[<prev] [next>] [<thread-prev] [thread-next>] [day] [month] [year] [list]
Message-ID: <CAKfTPtDbAmYkJ9KKzeFa9yJM4psiN6=eYj6ZN7h0gE0zJGWscQ@mail.gmail.com>
Date: Sat, 30 Nov 2024 11:50:06 +0100
From: Vincent Guittot <vincent.guittot@...aro.org>
To: Hongyan Xia <hongyan.xia2@....com>
Cc: mingo@...hat.com, peterz@...radead.org, juri.lelli@...hat.com,
dietmar.eggemann@....com, rostedt@...dmis.org, bsegall@...gle.com,
mgorman@...e.de, vschneid@...hat.com, lukasz.luba@....com,
rafael.j.wysocki@...el.com, linux-kernel@...r.kernel.org, qyousef@...alina.io
Subject: Re: [PATCH 0/5] sched/fair: Rework EAS to handle more cases
Hi Hongyan,
On Thu, 28 Nov 2024 at 18:24, Hongyan Xia <hongyan.xia2@....com> wrote:
>
> Hi Vincent,
>
> On 30/08/2024 14:03, Vincent Guittot wrote:
> > The current Energy Aware Scheduler has some known limitations which have
> > became more and more visible with features like uclamp as an example. This
> > serie tries to fix some of those issues:
> > - tasks stacked on the same CPU of a PD
> > - tasks stuck on the wrong CPU.
> >
> > Patch 1 fixes the case where a CPU is wrongly classified as overloaded
> > whereas it is capped to a lower compute capacity. This wrong classification
> > can prevent periodic load balancer to select a group_misfit_task CPU
> > because group_overloaded has higher priority.
> >
> >
> > Patch 2 creates a new EM interface that will be used by Patch 3
> >
> >
> > Patch 3 fixes the issue of tasks being stacked on same CPU of a PD whereas
> > others might be a better choice. feec() looks for the CPU with the highest
> > spare capacity in a PD assuming that it will be the best CPU from a energy
> > efficiency PoV because it will require the smallest increase of OPP.
> > This is often but not always true, this policy filters some others CPUs
> > which would be as efficients because of using the same OPP but with less
> > running tasks as an example.
> > In fact, we only care about the cost of the new OPP that will be
> > selected to handle the waking task. In many cases, several CPUs will end
> > up selecting the same OPP and as a result having the same energy cost. In
> > such cases, we can use other metrics to select the best CPU with the same
> > energy cost. Patch 3 rework feec() to look 1st for the lowest cost in a PD
> > and then the most performant CPU between CPUs.
> >
> > perf sched pipe on a dragonboard rb5 has been used to compare the overhead
> > of the new feec() vs current implementation.

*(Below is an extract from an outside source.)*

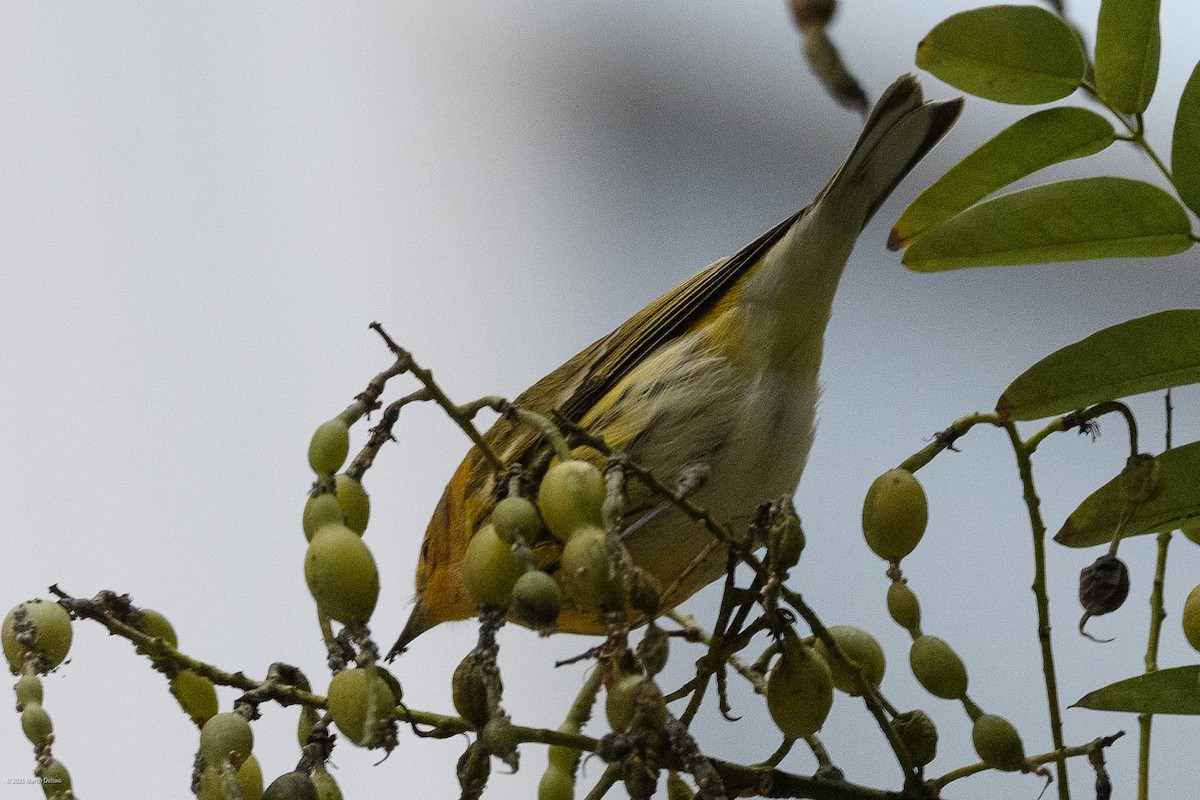 Cape May Warbler - ML643261264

> > sidenote: delayed dequeue has been disable for all tests.
> >
> > 9 iterations of perf bench sched pipe -T -l 80000
> > ops/sec stdev
> > tip/sched/core 13490 (+/- 1.7%)
> > + patches 1-3 14095 (+/- 1.7%) +4.5%
> >
> >
> > When overutilized, the scheduler stops looking for an energy efficient CPU
> > and fallback to the default performance mode. Although this is the best
> > choice when a system is fully overutilized, it also breaks the energy
> > efficiency when one CPU becomes overutilized for a short time because of
> > kworker and/or background activity as an example.
> > Patch 4 calls feec() everytime instead of skipping it when overutlized,
> > and fallback to default performance mode only when feec() can't find a
> > suitable CPU. The main advantage is that the task placement remains more
> > stable especially when there is a short and transient overutilized state.

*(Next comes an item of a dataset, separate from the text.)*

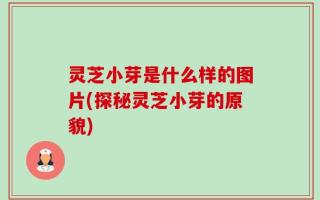 灵芝小芽是什么样的图片(探秘灵芝小芽的原貌)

> > The drawback is that the overhead can be significant for some CPU intensive
> > use cases.
> >
> > The overhead of patch 4 has been stressed with hackbench on dragonboard rb5
> >
> > tip/sched/core + patches 1-4
> > Time stdev Time stdev
> > hackbench -l 5120 -g 1 0.724 +/-1.3% 0.765 +/-3.0% (-5.7%)
> > hackbench -l 1280 -g 4 0.740 +/-1.1% 0.768 +/-1.8% (-3.8%)
> > hackbench -l 640 -g 8 0.792 +/-1.3% 0.812 +/-1.6% (-2.6%)
> > hackbench -l 320 -g 16 0.847 +/-1.4% 0.852 +/-1.8% (-0.6%)
> >
> > hackbench -p -l 5120 -g 1 0.878 +/-1.9% 1.115 +/-3.0% (-27%)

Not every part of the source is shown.